[[ DATASET EXTRACT open ]]
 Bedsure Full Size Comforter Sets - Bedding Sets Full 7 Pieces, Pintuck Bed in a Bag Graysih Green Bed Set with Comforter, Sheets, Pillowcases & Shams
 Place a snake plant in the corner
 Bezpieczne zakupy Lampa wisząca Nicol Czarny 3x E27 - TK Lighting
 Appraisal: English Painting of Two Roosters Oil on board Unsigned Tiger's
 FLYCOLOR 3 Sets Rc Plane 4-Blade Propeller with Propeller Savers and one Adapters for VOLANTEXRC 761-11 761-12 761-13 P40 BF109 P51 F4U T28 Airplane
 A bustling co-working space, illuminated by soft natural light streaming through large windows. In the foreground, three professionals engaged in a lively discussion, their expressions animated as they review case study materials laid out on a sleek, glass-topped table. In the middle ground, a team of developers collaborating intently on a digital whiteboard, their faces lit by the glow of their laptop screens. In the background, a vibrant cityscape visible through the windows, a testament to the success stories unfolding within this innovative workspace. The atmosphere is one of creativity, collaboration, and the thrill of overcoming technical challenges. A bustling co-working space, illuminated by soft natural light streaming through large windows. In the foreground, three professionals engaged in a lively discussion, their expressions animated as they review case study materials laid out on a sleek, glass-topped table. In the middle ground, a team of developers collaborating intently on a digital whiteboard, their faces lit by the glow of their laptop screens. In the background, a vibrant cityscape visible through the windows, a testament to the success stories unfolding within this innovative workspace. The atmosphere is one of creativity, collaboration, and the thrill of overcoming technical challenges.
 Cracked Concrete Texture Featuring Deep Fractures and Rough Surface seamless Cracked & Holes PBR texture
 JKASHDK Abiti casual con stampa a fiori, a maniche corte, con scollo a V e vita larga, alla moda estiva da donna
[[ DATASET EXTRACT closed ]]
## EXERCISE
Every line above must appear again in your reply, exactly as written.

## OUTPUT OF THE EXERCISE
 Bedsure Full Size Comforter Sets - Bedding Sets Full 7 Pieces, Pintuck Bed in a Bag Graysih Green Bed Set with Comforter, Sheets, Pillowcases & Shams
 Place a snake plant in the corner
 Bezpieczne zakupy Lampa wisząca Nicol Czarny 3x E27 - TK Lighting
 Appraisal: English Painting of Two Roosters Oil on board Unsigned Tiger's
 FLYCOLOR 3 Sets Rc Plane 4-Blade Propeller with Propeller Savers and one Adapters for VOLANTEXRC 761-11 761-12 761-13 P40 BF109 P51 F4U T28 Airplane
 A bustling co-working space, illuminated by soft natural light streaming through large windows. In the foreground, three professionals engaged in a lively discussion, their expressions animated as they review case study materials laid out on a sleek, glass-topped table. In the middle ground, a team of developers collaborating intently on a digital whiteboard, their faces lit by the glow of their laptop screens. In the background, a vibrant cityscape visible through the windows, a testament to the success stories unfolding within this innovative workspace. The atmosphere is one of creativity, collaboration, and the thrill of overcoming technical challenges. A bustling co-working space, illuminated by soft natural light streaming through large windows. In the foreground, three professionals engaged in a lively discussion, their expressions animated as they review case study materials laid out on a sleek, glass-topped table. In the middle ground, a team of developers collaborating intently on a digital whiteboard, their faces lit by the glow of their laptop screens. In the background, a vibrant cityscape visible through the windows, a testament to the success stories unfolding within this innovative workspace. The atmosphere is one of creativity, collaboration, and the thrill of overcoming technical challenges.
 Cracked Concrete Texture Featuring Deep Fractures and Rough Surface seamless Cracked & Holes PBR texture
 JKASHDK Abiti casual con stampa a fiori, a maniche corte, con scollo a V e vita larga, alla moda estiva da donna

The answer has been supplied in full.